### Your objective
Exactly as written, write out the lines below from the first to the one containing "Mazda 3 Axela 2019 — фото 10", inclusive. Pictures do not belong in the copy.

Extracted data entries
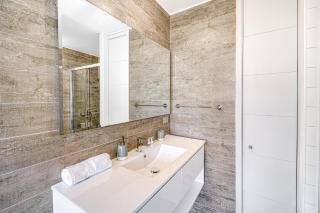 Coast Tower 1BR W/Balcony & View. - 2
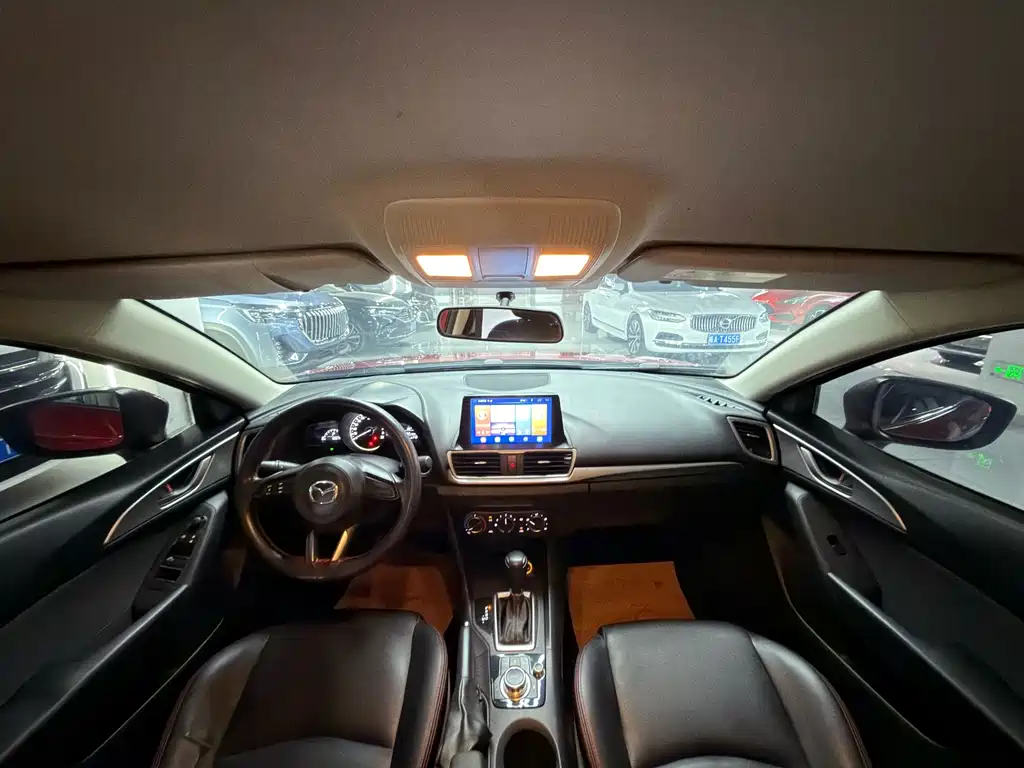 Mazda 3 Axela 2019 — фото 10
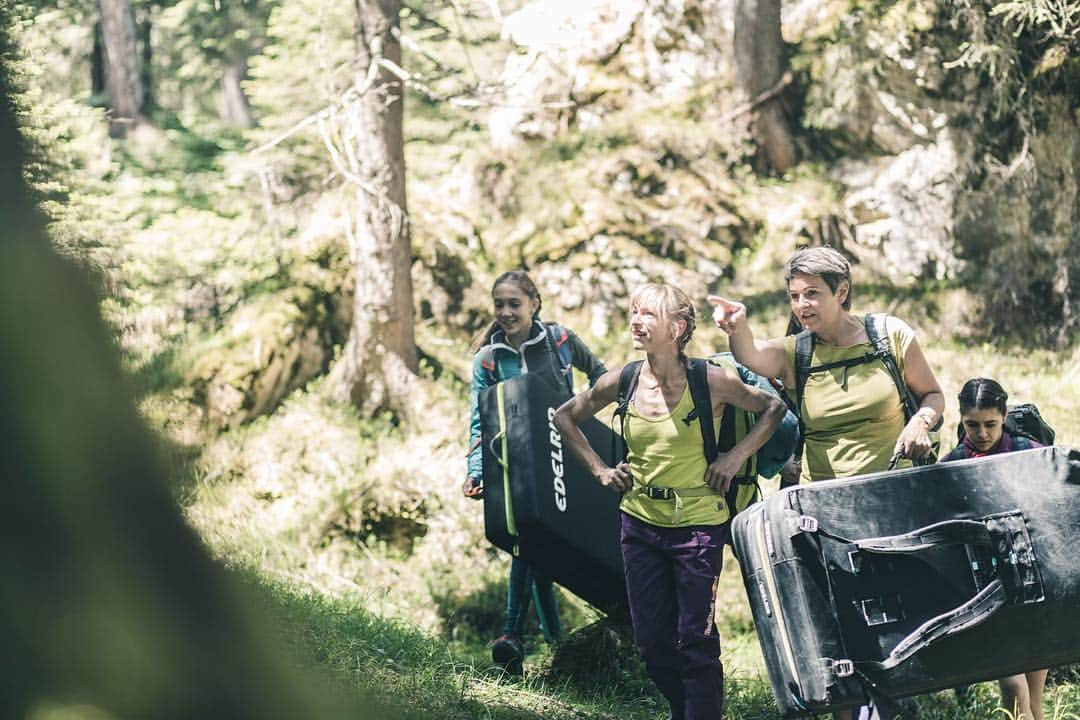 アンジェラ・アイターさんのインスタグラム写真 - (アンジェラ・アイターInstagram)「It was such a fun climb with @lenabreuss, @evapauli, @mariemair and @lisiunsinn last summer. Finding the way, exploring the boulders and having lots of fun. This is part of climbing and I am looking forward to joining great days on crags like this one on the pic that are perfect for hot summer conditions. 📸 @ferienregionimst / @wyhlidal //: Reithle, Hoch-Imst #verleihtflügel #jedentagtirol @lasportivagram @team_edelrid #climbing #outdoors #socialmedia #balance #emotion #nature #outdoorwoman #staymotivated #klettern #bouldern #bouldering #gesundheit #vital」4月1日 23時13分 - angyeiter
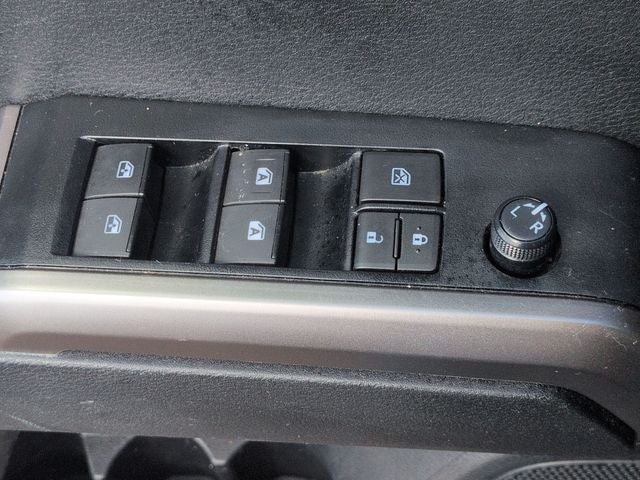 2023 Toyota TACOMA SR5 SR5 V6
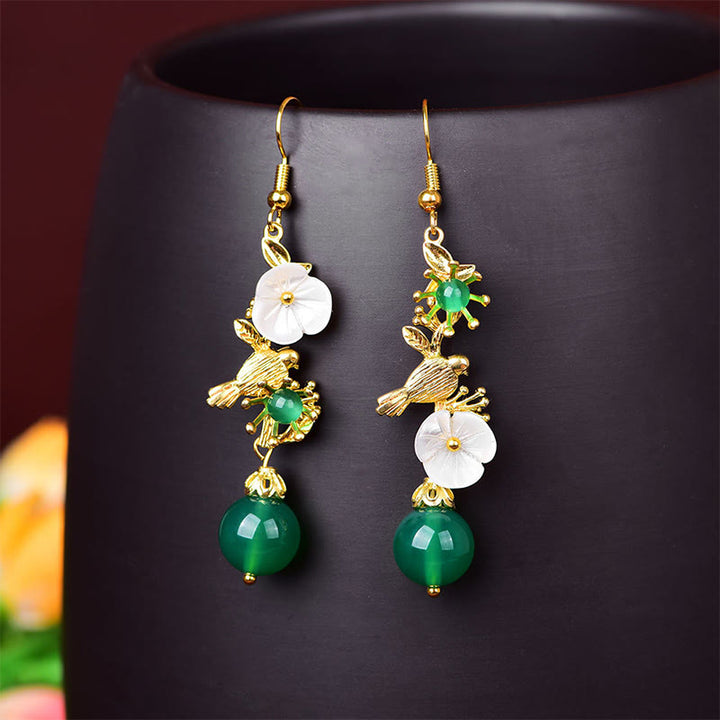 Buddha Stones Boucles d'oreilles pendantes en agate verte, fleur blanche et oiseau, ornées de perles et de perles d'agate verte - Agate verte (poteaux en cuivre) - image 0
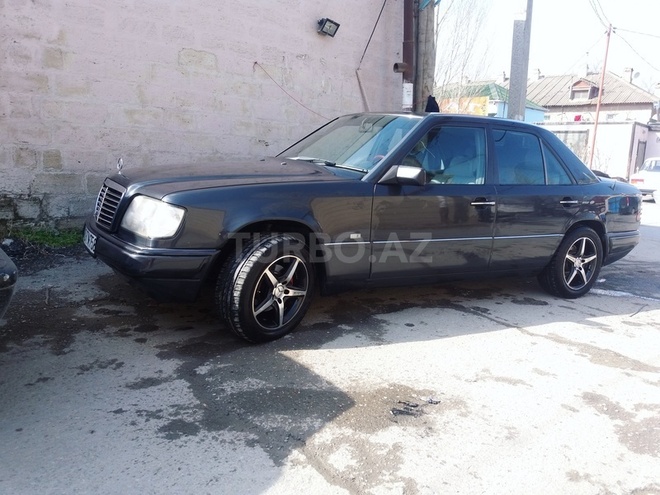 Mercedes E 230 1990, 370,500 km - 2.3 l - Bakı
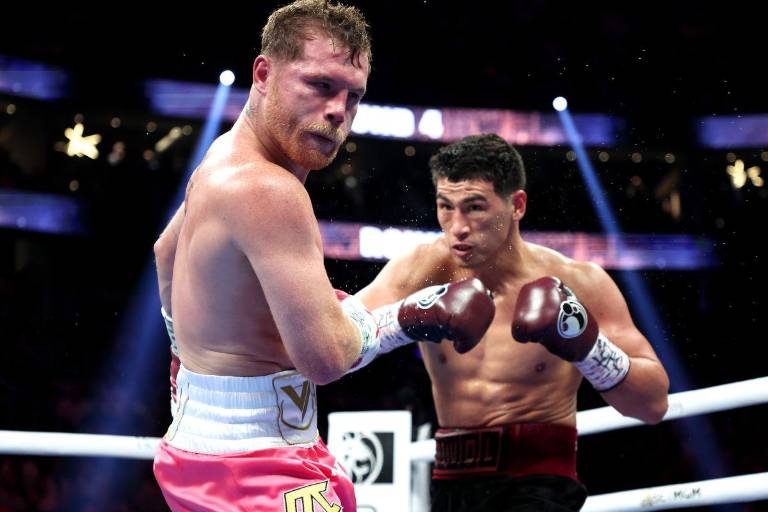 Bivol descarta pelear con ‘Canelo’ Álvarez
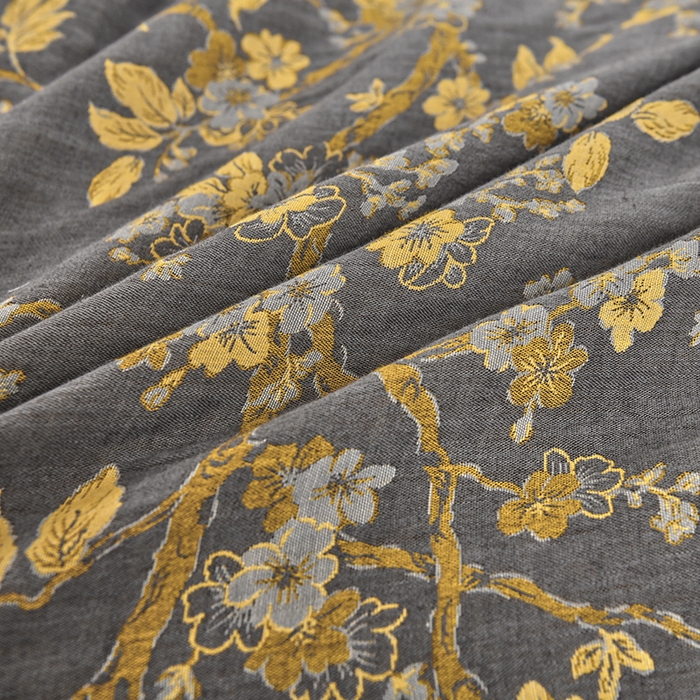 91家纺网 家纺一手货源 找家纺 不打烊家纺 2025新款全棉有氧双层纱羊毛尼美容床罩系列套件-梅花颂 梅花颂-黑色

### Written solution
 Coast Tower 1BR W/Balcony & View. - 2
 Mazda 3 Axela 2019 — фото 10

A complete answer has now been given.